J’ aime beaucoup cette expression qui comporte deux mots totalement contradictoires et qui sortait comme un slogan des lèvres d’un fameux anarchiste non violent des années 70, qui écumait le quartier latin et qui était venu me rendre visite (MOUNA pour ceux qui s’en rappellent!).
Cette expression est bien plus qu’une boutade facile et comporte une grande sagesse.
Elle est d’autant plus d’actualité que nous sommes à une époque où des gens de tous bords érigent sur internet leur verbiage en vérité absolue et entraînent les chercheurs dans des voies obscures.
Dans ces conditions ne pas douter c’est se montrer bien naïf et s’exposer à se fourvoyer dans des impasses.
Le mental bien souvent décrié dans les voies spirituelles doit être pris pour ce qu’il est et être mis à sa juste place mais en aucun cas ne doit être annihilé. C’est un outil merveilleux qui peut nous apporter de nombreuses lumières tout au long de notre cheminement.

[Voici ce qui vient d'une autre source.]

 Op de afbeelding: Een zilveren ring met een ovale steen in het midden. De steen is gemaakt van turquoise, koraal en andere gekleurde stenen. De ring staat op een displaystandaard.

Et l’aspect positif du doute c’est la remise en question de nos certitudes bien souvent plus encombrantes que roboratives.
Il y a donc un temps normal dans notre recherche où nous questionnons des tas de concepts, qui bien entendu sont le produit du mental ( ne jamais l’oublier):mais notre mental a besoin d’être nourri sinon il délire et l’angoisse monte.
Dans ces domaines comme dans tant d’autres, tout est affaire de discrimination et de mesure.
Ceci étant dit, quelques soient les réponses données, elles ne sont toujours qu’un doigt qui pointe vers la lune et pas la lune elle même !
Lorsque je consultais Bernard sur ce sujet du doute, il eût une fois de plus une réponse lumineuse qui me conforta dans mon appréhension de ce problème.Je livre sa réponse intégralement car elle est éclairante :
« Douter est quelque chose de sain et de naturel….Un chercheur( car je ne témoigne que pour les chercheurs) qui ne douterait pas, ne serait tout simplement pas un chercheur.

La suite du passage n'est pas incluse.